Nah N7+ has all the same options as vanilla N7.
 
Nah, it's due to all the MAC piles required for GEMM going brrrrr at alarming speeds.
See any other ML part; they all hit very nice density figures for their respective nodes.
Tensor cores take only about 10% of the die in Turing, even if that would be 20% for Ampere, that can not explain the high transistor density.

Nah N7+ has all the same options as vanilla N7.
If that is the case, N7+ is a more plausible explanation for the high density compared to vanilla N7.
 
Last edited:
Just read about this new Graphcore AI processor, eclipsing the A100, with 59,4 billion transistors on 823 mm2.

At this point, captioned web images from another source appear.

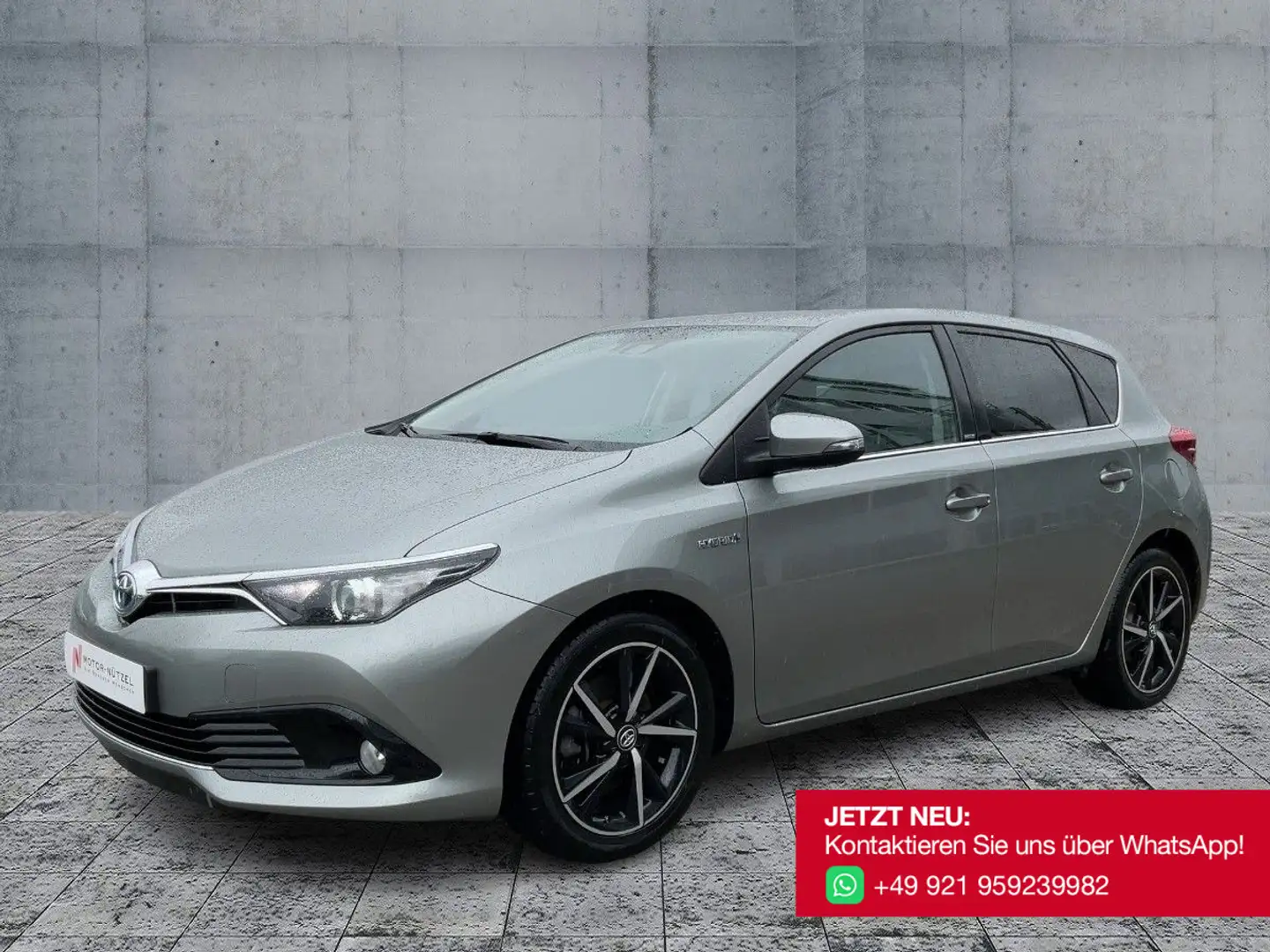 Toyota Auris 1.8 Hybrid EDITION-S+ SHZ+RFK+GRA+AHK+17" Ezüst - 2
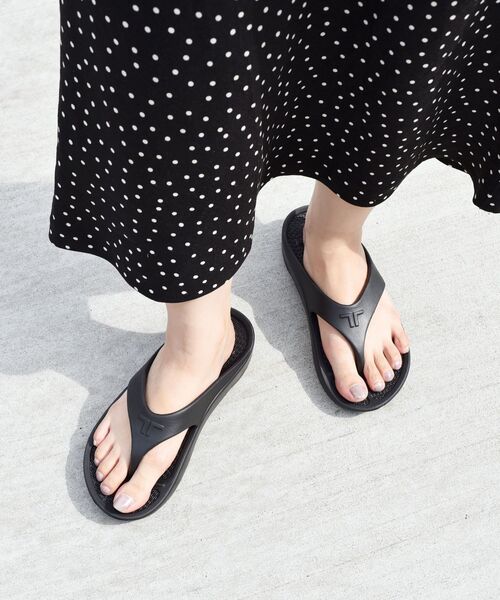 TELIC（テリック）の「TELIC:FLIP FLOP◇（サンダル・レディース・ブラック/ブラウン/オフホワイト/カーキ・SMALL/MEDIUM/X-SMALL）」の3枚目の写真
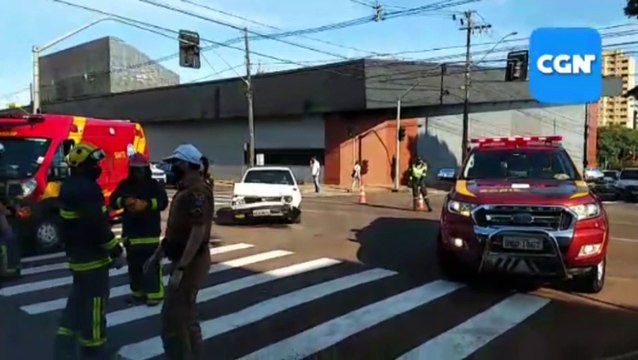 Colisão seguida de capotamento é registrada na Rua Erechim, esquina com a Rua Vicente Machado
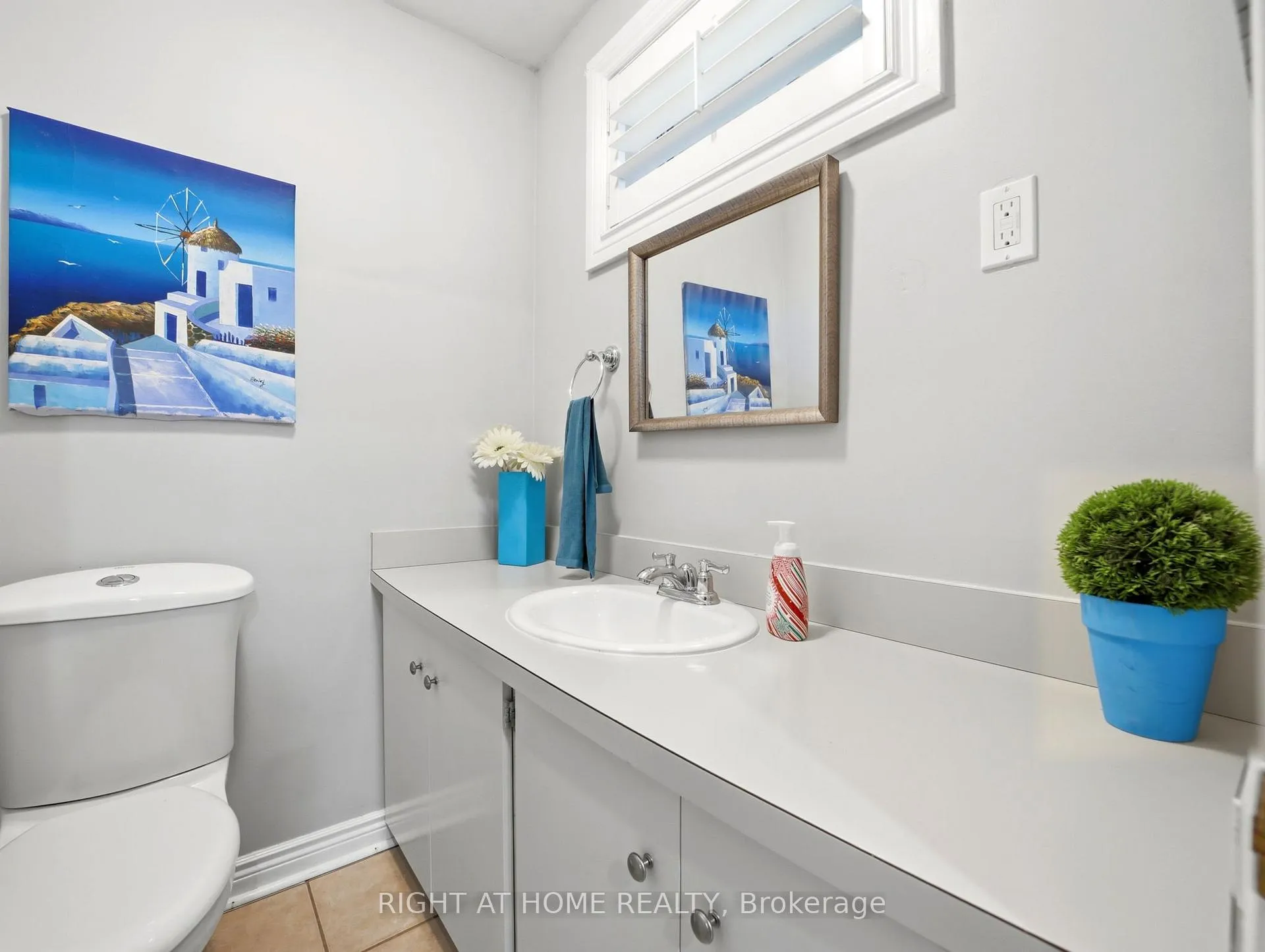 Photo 23 of 30 Carl Crescent, Hamilton, Waterdown — HOMEH
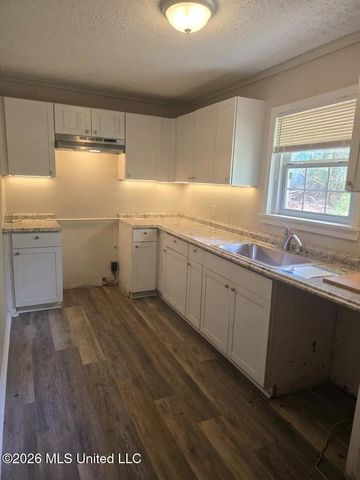 3164 Fleetwood Drive, Jackson, MS 39212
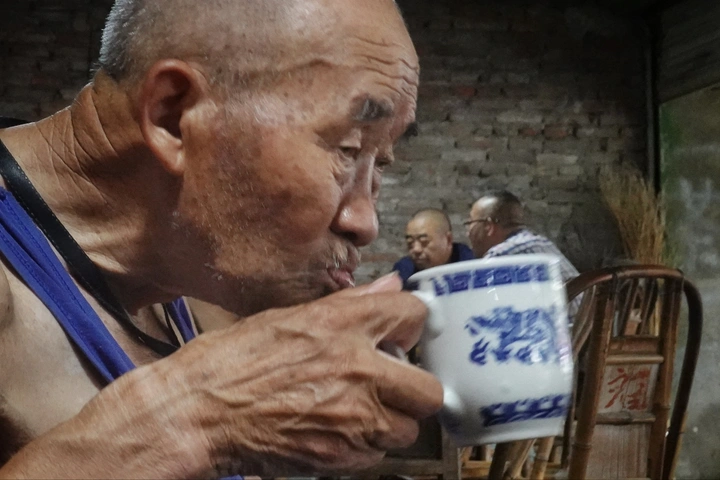 老茶铺.老人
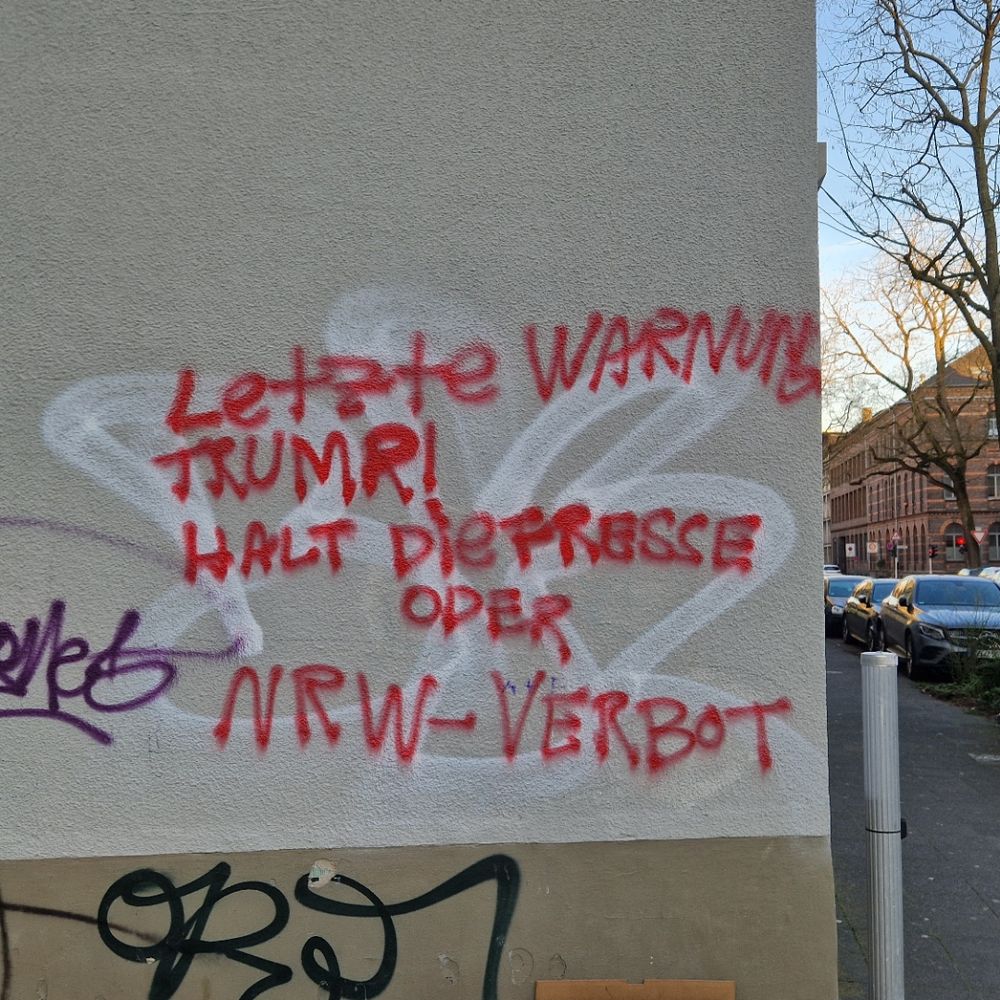 Graffiti an Hauswand: "Letzte Warnung Trump! Halt die Fresse oder NRW-Verbot"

That is a transistor density of 72 MT/mm2.
As this is more than the max of 66,7 MT/mm2 for vanilla 7nm, this also must be using N7+.
The high density is a result of the 900 MB on chip memory this Graphcore has.
1 bit of SRAM requires 6 transistors, so the 900 MB translates to 43,2 B transistors...
 
Last edited:
Just read about this new Graphcore AI processor, eclipsing the A100, with 59,4 billion transistors on 823 mm2.
That is a transistor density of 72 MT/mm2.
As this is more than the max of 66,7 MT/mm2 for vanilla 7nm, this also must be using N7+.
The high density is a result of the 900 MB on chip memory this Graphcore has.
1 bit of SRAM requires 6 transistors, so the 900 MB translates to 43,2 B transistors...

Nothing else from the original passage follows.